Sometime after starting my career as an academic scientist, however, the dissonance became too strong. In an effort to understand how both scientific fact and spiritual belief can be true, I completed a certificate in Christian theological education, and found the answer in the section on church history. Scholar Marcus Borg, in Reading the Bible Again for the First Time, calls it post-critical naivete: an ability to understand that stories are true, even when the primary elements of the story are not historical fact.

Biblical literalism and biblical inerrancy became more central in the Christian church after the age of Enlightenment; before that, scientific theory didn’t exist, so “factual” truth wasn’t a primary concern. The early Christians were reporting an experience that left a deep, meaningful and long-lasting impression on them, and it was the truth of the experience that mattered, not the factual recounting of every minute of Jesus’ life.

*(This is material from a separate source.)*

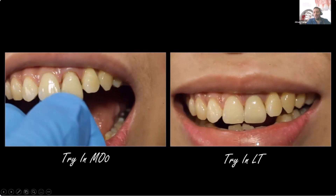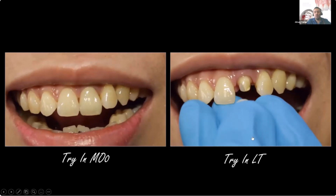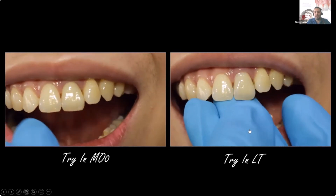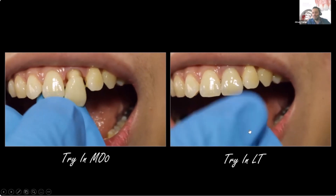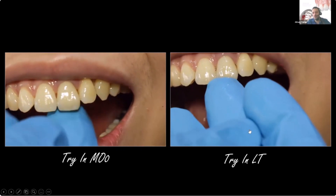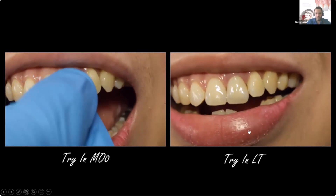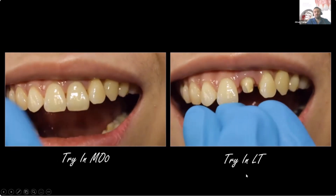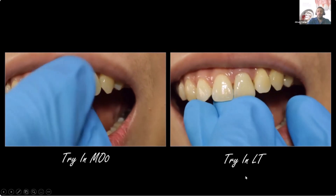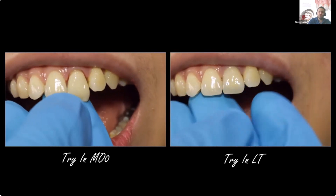I would say LT is a bit better, because I need to remind you that not all the time do we need to fully mask a stump — sometimes we just need to filter the discoloration in the stump, and that would be enough to match with the natural central.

Borg, anticipating many Trump supporters by 15 years, said that the Bible was best taken “seriously, not literally.” Once someone can absorb the idea that factual truth and spiritual or emotional truth are two different frames of human experience, the conflict between science and religion is moot. The problem occurs when we try to apply the wrong frame to a given experience.

Trump has switched the frame on a society that so deeply values logical thought that many Americans are completely befuddled — and think that everyone else should find this reframing as repugnant as they do. Unfortunately, just screaming “Liar, liar, pants on fire!” and hoping that everyone will get on board isn’t going to be effective, because Trump often is delivering a certain kind of truth — an emotional truth.

Despite facts to the contrary, nearly a third of Republican voters believe that Trump, not Hillary Clinton, won the popular vote in November. While his claims that 3 million to 5 million illegal votes for his opponent lost him that race haven’t been justified, the emotional truth — that the voting system is out of their control and seems to be rigged against them — is real and deeply felt.

It’s certainly easy for Trump supporters to “know” without proof that the mainstream media isn’t trustworthy: It hasn’t represented their point of view, their truth, in years, and therefore is inherently suspicious. And after years of harboring suspicions that former President Barack Obama is a Muslim, a communist, or worse, any accusation about his interference with the current administration can be seen as something that he would do, even if there’s no proof to show that he did do it. Facts don’t matter if the emotional impact is real.

The dominance of emotional truth over factual truth is hardly limited to Trump supporters. Those of us who think we live by logic use all kinds of evidence to make decisions. Psychologists tell us that we make most decisions based on feeling, and fill in the supporting logic later. Emotional truths have weight, and a good story about an emotional truth doesn’t have to be factual: It just has to be true.

Tom Forman, chief executive of reality TV shows like “Extreme Makeover: Home Edition,” said in a recent NPR interview that Trump is a master at “being directionally correct.” Trump knows, Forman said, how to amplify what viewers already know to be true, what they “know in their bones.”

That’s emotional truth, and factual truth can’t touch it.